> [INSTRUCTIONS FOR THE TASK]: Please output every record below exactly as written, leaving out any pictures.

[RECORD SET — start]

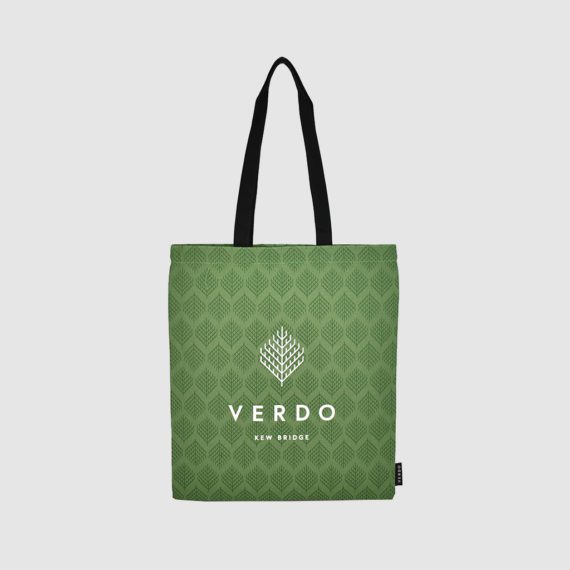 green tote bag with white print all over and black handles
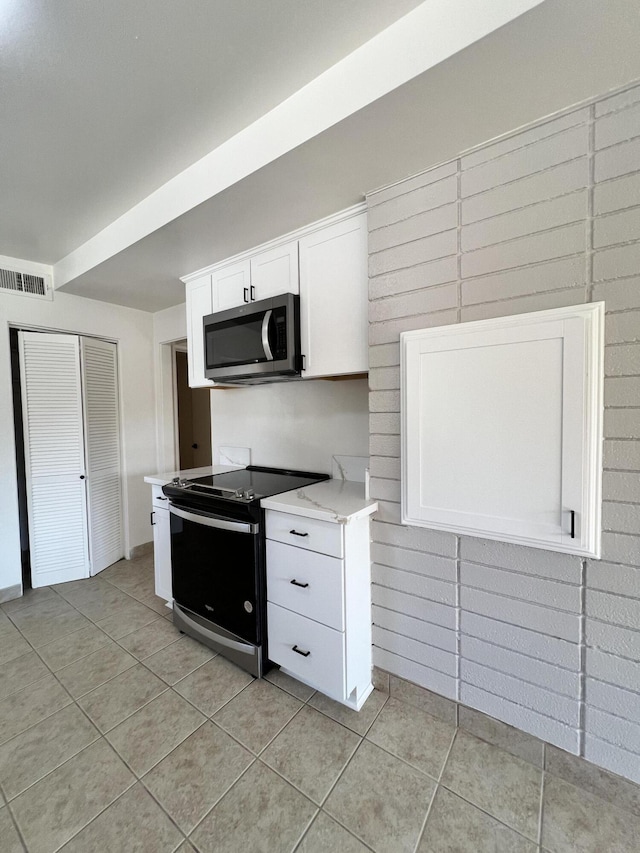 kitchen with light tile patterned flooring, white cabinetry, and appliances with stainless steel finishes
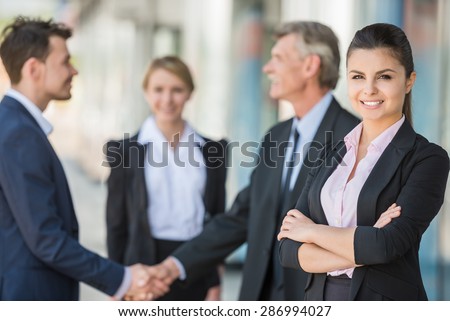 Meeting of business people. Two confident business men shaking hands.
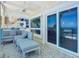 Covered balcony with ocean views and seating area at 2903 Hill St, New Smyrna Beach, FL 32169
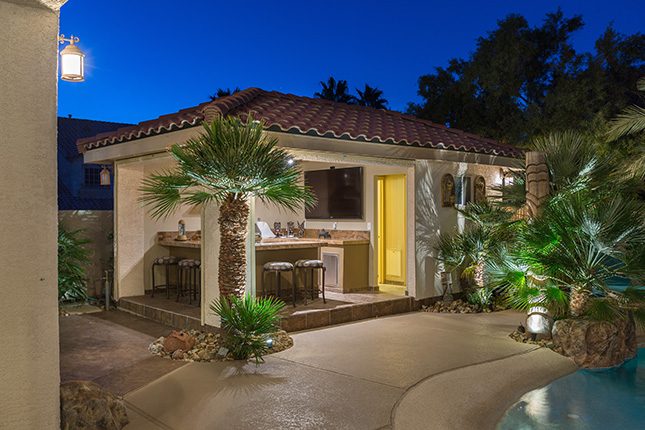 A white stucco pool house with an open kitchen and barstools visible and palm trees surrounding it with a deep blue sky and silhouettes of trees behind it.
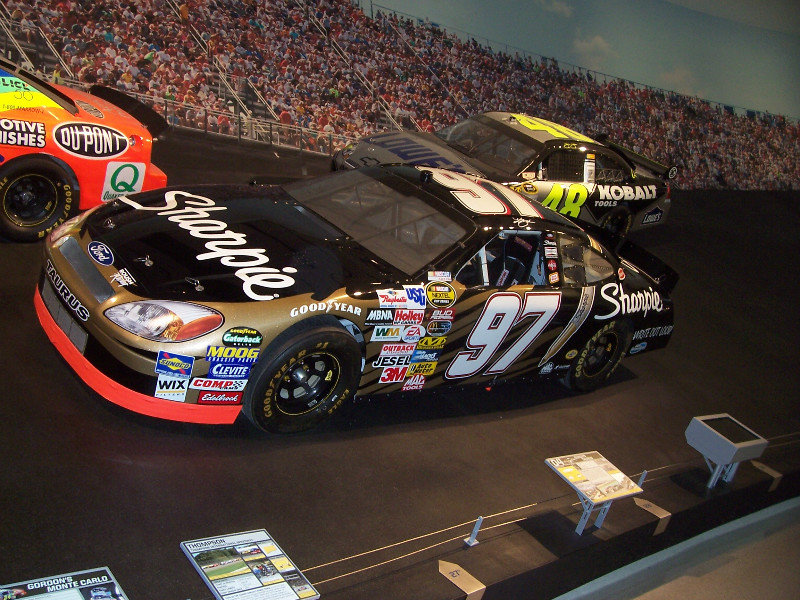 Kurt Bush’s 2004 Ford Taurus With Jimmie Johnson’s 2008 Chevrolet Impala SS In The Background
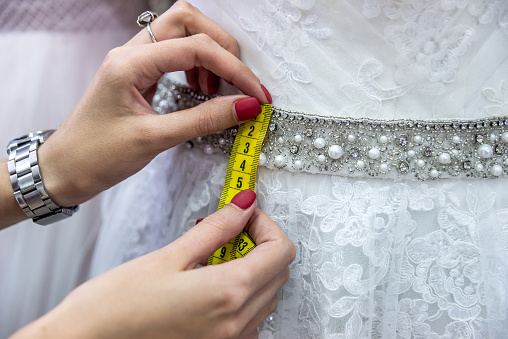 Measuring yellow tape with female hands and wedding dress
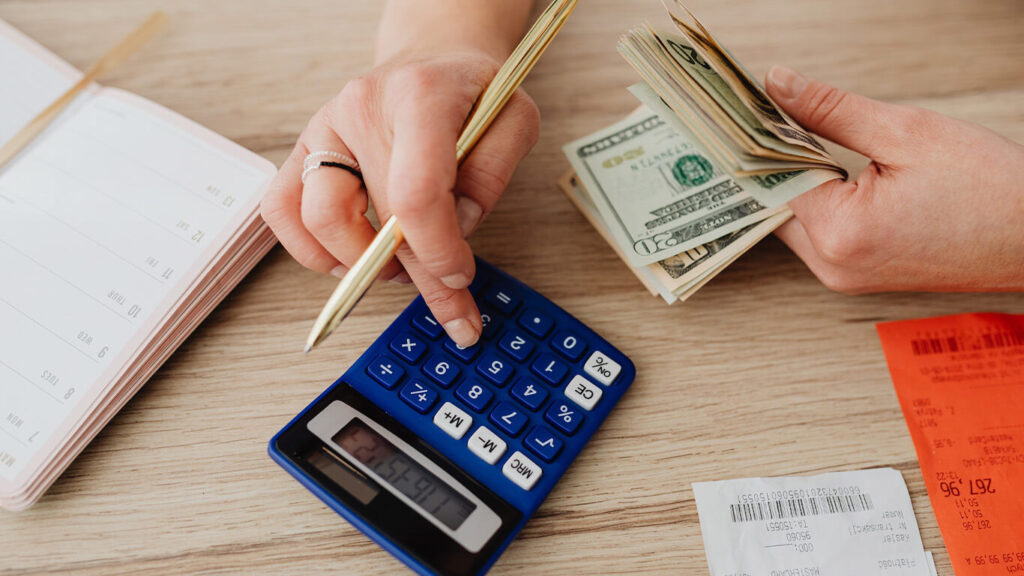 imagem de uma calculadora e de notas fiscais para simbolizar os cálculos financeiros de pequenos negócios devido aos impactos da inflação
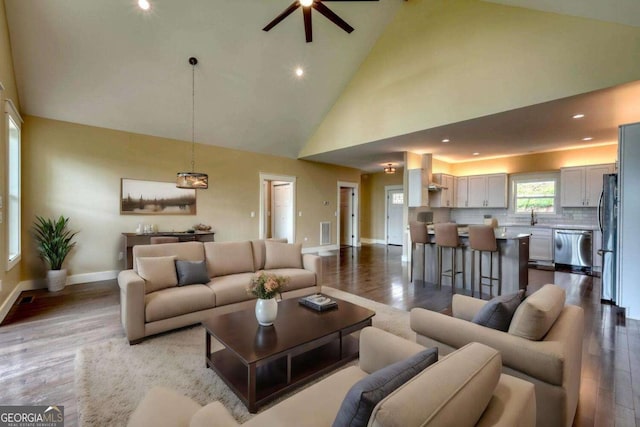 living room featuring light wood-type flooring, high vaulted ceiling, ceiling fan, and sink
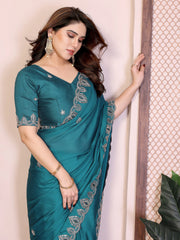 Woman wearing a teal saree with silver embroidery against a light pink wall.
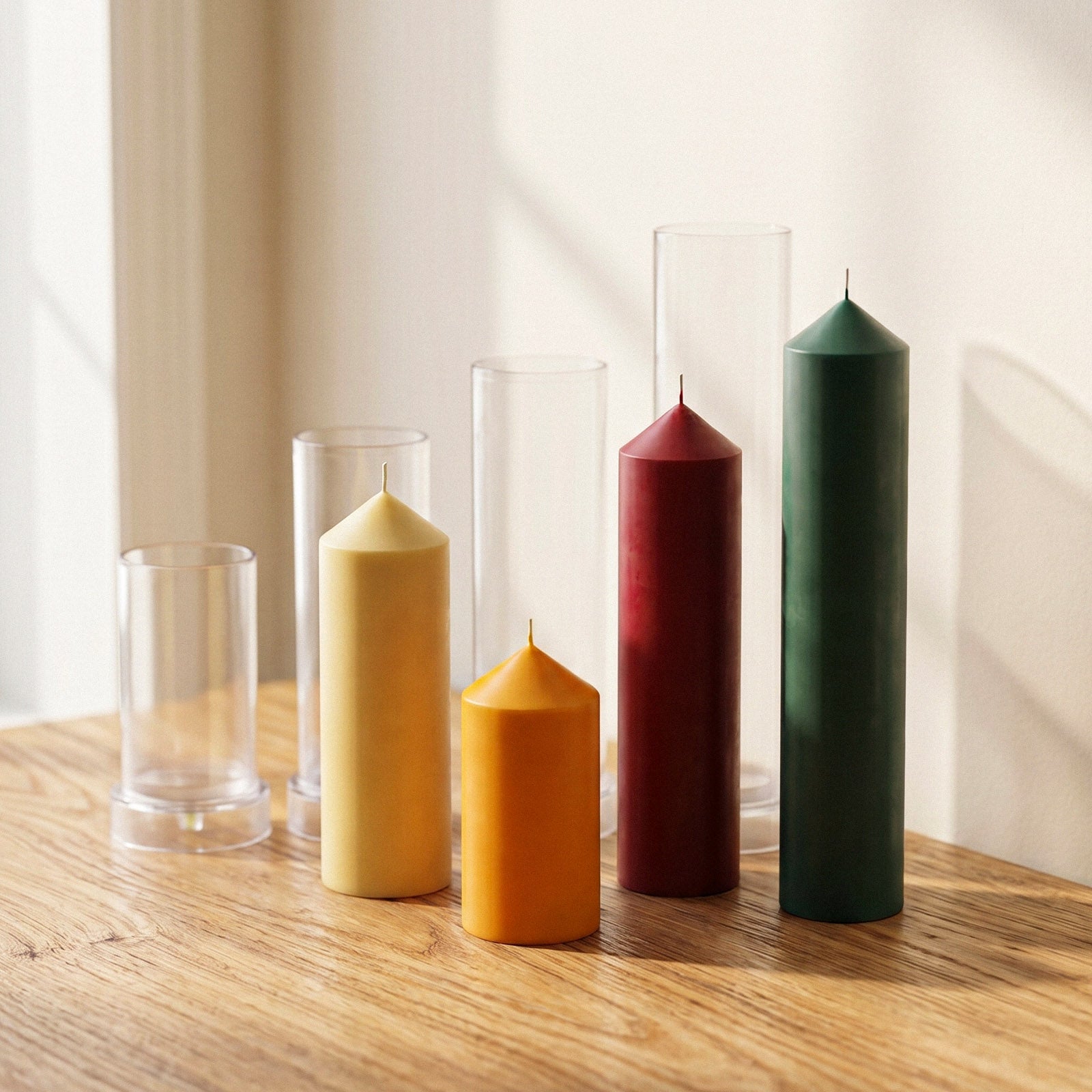 Pointed Pillar Candles and Matching Acrylic Molds on Wooden Table - Product & Mold Set Display - Boowan Nicole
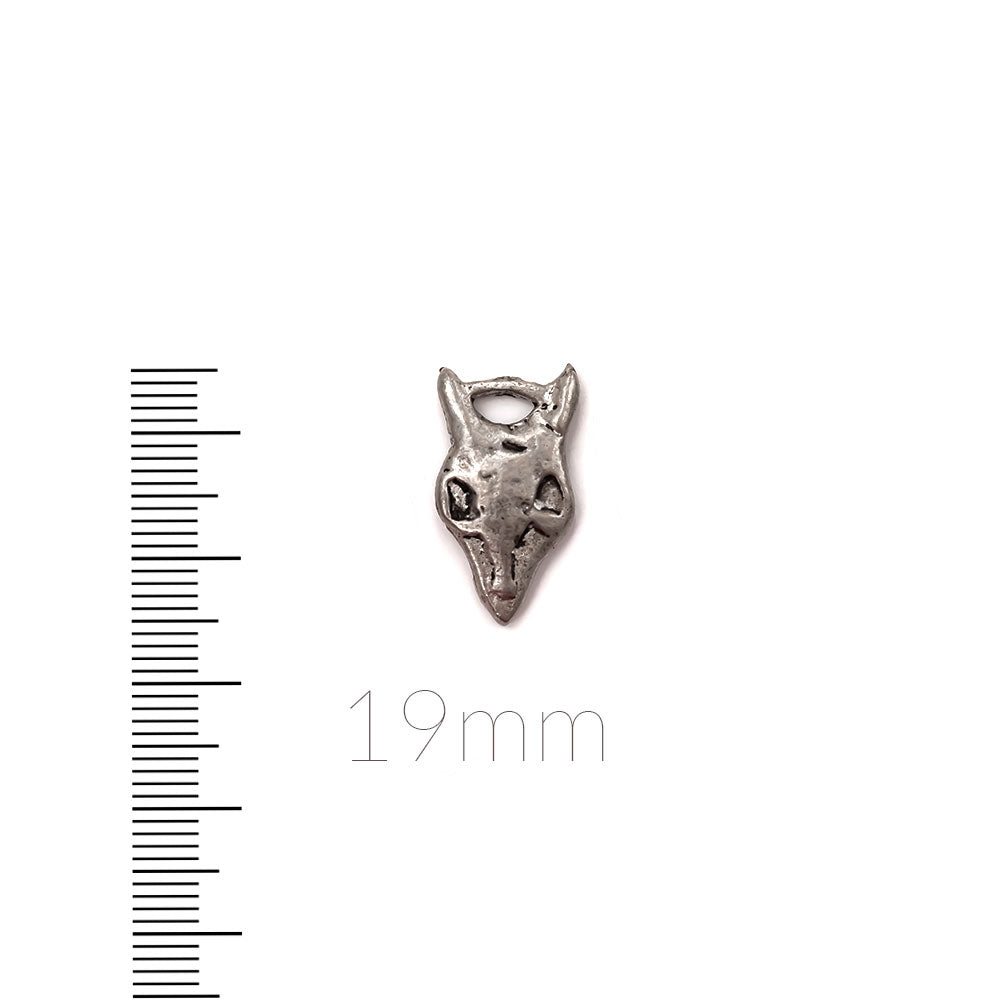 alt="antique pewter animal skull charm"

[RECORD SET — finish]

> [YOUR RESPONSE]:
 green tote bag with white print all over and black handles
 kitchen with light tile patterned flooring, white cabinetry, and appliances with stainless steel finishes
 Meeting of business people. Two confident business men shaking hands.
 Covered balcony with ocean views and seating area at 2903 Hill St, New Smyrna Beach, FL 32169
 A white stucco pool house with an open kitchen and barstools visible and palm trees surrounding it with a deep blue sky and silhouettes of trees behind it.
 Kurt Bush’s 2004 Ford Taurus With Jimmie Johnson’s 2008 Chevrolet Impala SS In The Background
 Measuring yellow tape with female hands and wedding dress
 imagem de uma calculadora e de notas fiscais para simbolizar os cálculos financeiros de pequenos negócios devido aos impactos da inflação
 living room featuring light wood-type flooring, high vaulted ceiling, ceiling fan, and sink
 Woman wearing a teal saree with silver embroidery against a light pink wall.
 Pointed Pillar Candles and Matching Acrylic Molds on Wooden Table - Product & Mold Set Display - Boowan Nicole
 alt="antique pewter animal skull charm"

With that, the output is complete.